Paul McCartney – New (Virgin EMI Records, 2013)
Dopo 6 anni di attesa, forse anche carico di ottimismo dopo il matrimonio con Nancy Shevell, finalmente Paul McCartney si è deciso a tornare in studio per registrare un album di canzoni inedite (aveva composto la colonna sonora dello spettacolo teatrale Ocean’s Kingdom nel 2011 e un disco di cover di standard jazz, Kisses on the bottom, nel 2012, quindi mancava ancora all’appello un nuovo disco interamente di canzoni originali dopo Memory Almost Full del 2007). Nella sua carriera si è cimentato persino nel ruolo di produttore, ma non questa volta, in cui addirittura ha deciso di usarne quattro! (segnatamente: Paul Epworth, Mark Ronson, Ethan Johns e Giles Martin, figlio dell’eterno George, alcuni di loro conosciuti quando ancora ragazzini.).

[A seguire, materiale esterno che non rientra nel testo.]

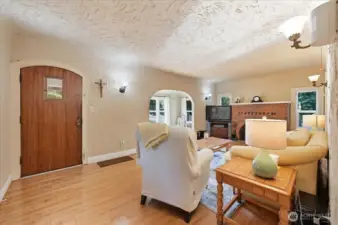 Ample Size Living Room with Hardwood Floors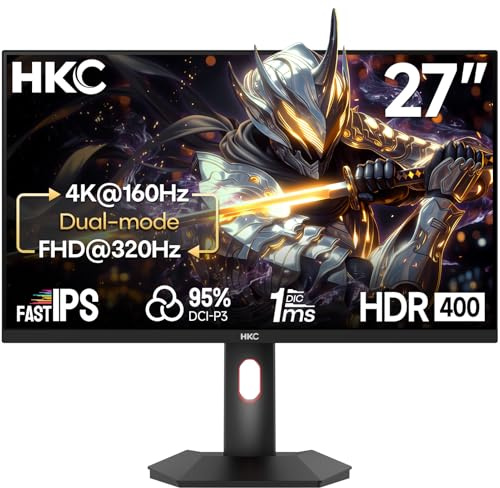 HKC Monitor Gaming 27 Pollici, UHD 160Hz/FHD 320Hz Dual Mode,Fast IPS | 4k Monitor, 1ms MPRT, Adaptive Sync, 95% DCI-P3, HDMI 2.1, DisplayPort 1.4, Regolazione in altezza, VESA 100 × 100 mm, G27H7P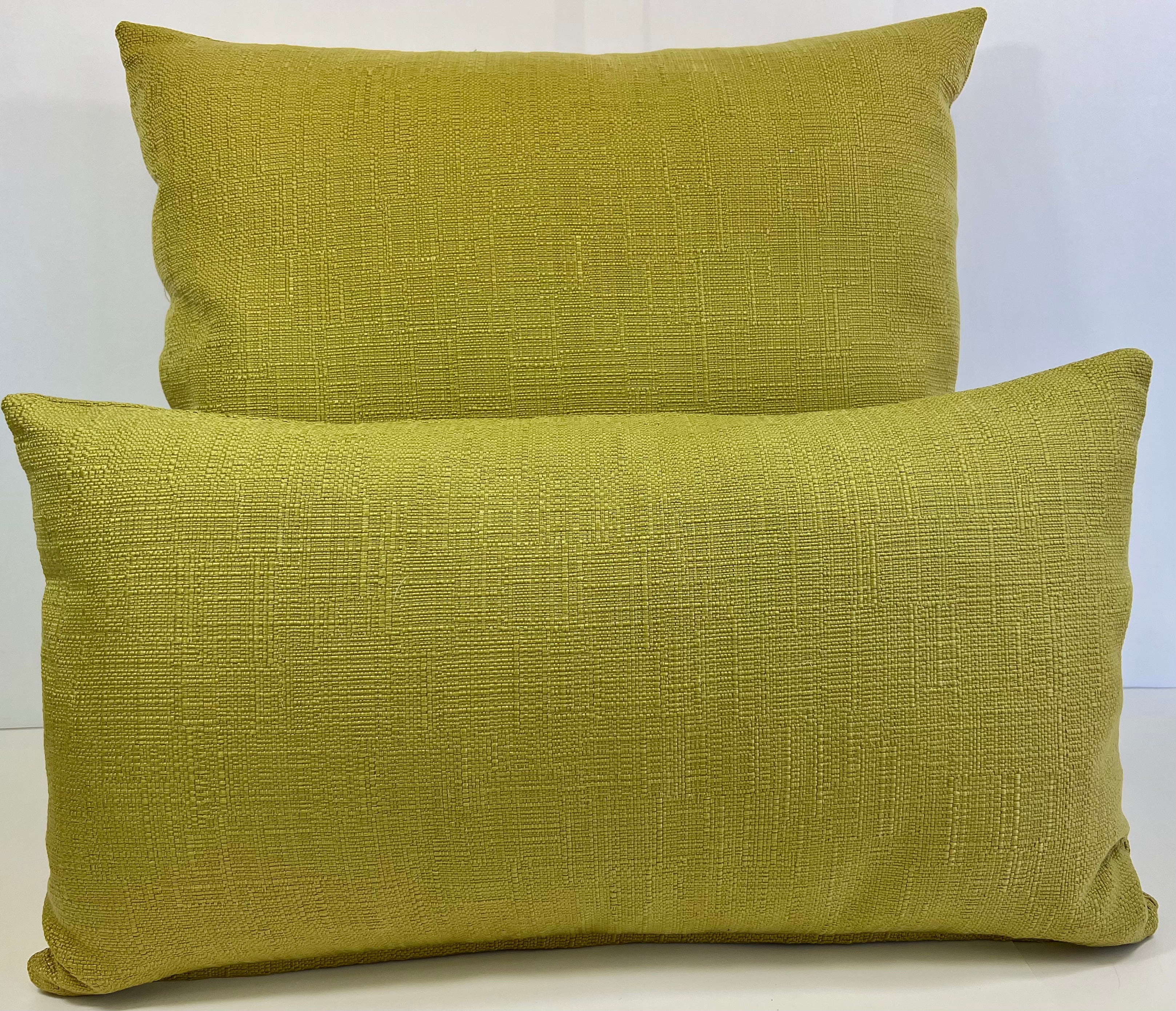 Luxury Lumbar Pillow - 24" x 14" - Vermont Spring Fresh Lime Gold Green In Lovely Texture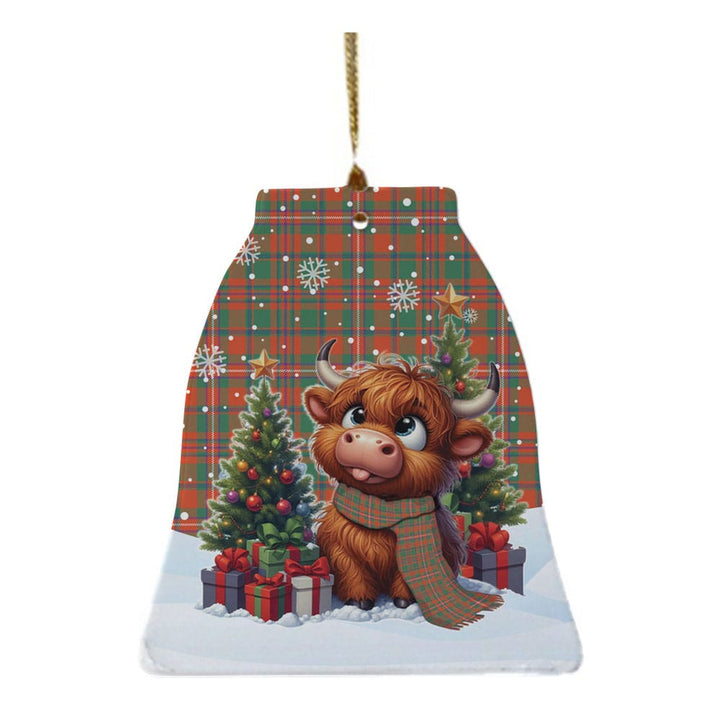 Scottish MacKinnon Ancient Clan Tartan Ceramic Ornament Cute Highland Cow Christmas Bell Style Tartan Plaid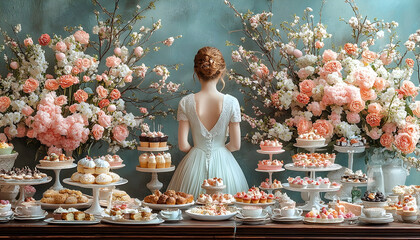 Elegant bride in a vintage dress stands before a lavish dessert table adorned with flowers, celebrating a wedding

Questo nuovo album che è nuovo anche nel titolo, New, è un disco dove le inimitabili qualità di compositore di canzoni si possono ancora notare nonostante l’età di 71 anni: la title track ha un sound fortemente beatlesiano che da tanto tempo non usciva dall’officina McCartney; Alligator e Queenie Eye hanno tutte le qualità della tipica canzone maccartiana con middle eight sbalorditivi; Early Days è un simpatico acustico che tocca il tema delle origini della sua carriera musicale, per strada insieme a John (il ritorno alla gioventù Paul lo toccò anche con That was me sul disco Memory Almost Full); Save Us e Everybody Out There sono due pezzi tipicamente rock (uno più tirato, l’altro composto con l’intenzione di farne un classico singalong) che tutto sommato si ascoltano con piacere; se comprerete la versione deluxe del disco troverete anche la simpaticissima Get me out of here, praticamente un blues suonato in acustico, che ricorda le geniali trovate del disco Ram (1971).
Scrivere di Paul McCartney comporta sempre un esercizio di rispetto verso un uomo che ha contribuito a cambiare per sempre la storia della musica rock e della musica leggera. Per cui anche voler fare qualche accenno critico verso la sua opera risulta imbarazzante, ma tocca anche farlo, se occorre. Accanto ai simpatici brani che abbiamo citato (quasi tutti nella prima parte del disco), troviamo anche dei pezzi che fanno quantomeno sorgere più di un dubbio: Appreciate, Looking at her e I can bet presentano dei suoni pesanti e fin troppo sintetizzati, volti chiaramente a catturare l’attenzione in particolar modo per la loro inutilità, suoni che a mio avviso non dovrebbero riguardare uno con la storia di McCartney, suoni che ricordano più i dischi di Jennifer Lopez (o per essere più realisti, visto che ormai sono buoni amici, sui dischi di Jay Z). Dispiace davvero che Paul abbia voluto fare questi esperimenti, forse sarebbe stato meglio ricordarsi di altri momenti della sua carriera in cui adattarsi troppo al momento musicale ha provocato plateali fallimenti (penso al disco Press to Play dell’86, in particolare). Dispiace ancora di più che ad aver prodotto questi pezzi in particolare sia stato Giles Martin, dal figlio del produttore dei Beatles ci saremmo dovuti aspettare delle meraviglie (però per carità, ricordiamoci anche dell’onesto lavoro che portò avanti insieme al padre sul remix di brani dei Beatles che curarono per il Cirque de Soleil nel 2006…). Per fortuna il voler fare un impasto sonoro più artificiale ha comunque prodotto migliori risultati nei pezzi Road e nel già citato Alligator (sui quali hanno lavorato però gli altri produttori del disco…).
Nel complesso ci troviamo di fronte a un album che lascia solo in parte soddisfatta la sete di nuovo e, come spesso in passato, eccellente materiale del genio di Liverpool, parte che corrisponde più o meno alla prima di questo disco, nella quale per fortuna le trovate interessanti non sono mancate; ma possiamo dire che in fondo è sufficiente, di Paul non ne avremo mai abbastanza e anche quando fa qualche passo falso, ce lo facciamo piacere lo stesso.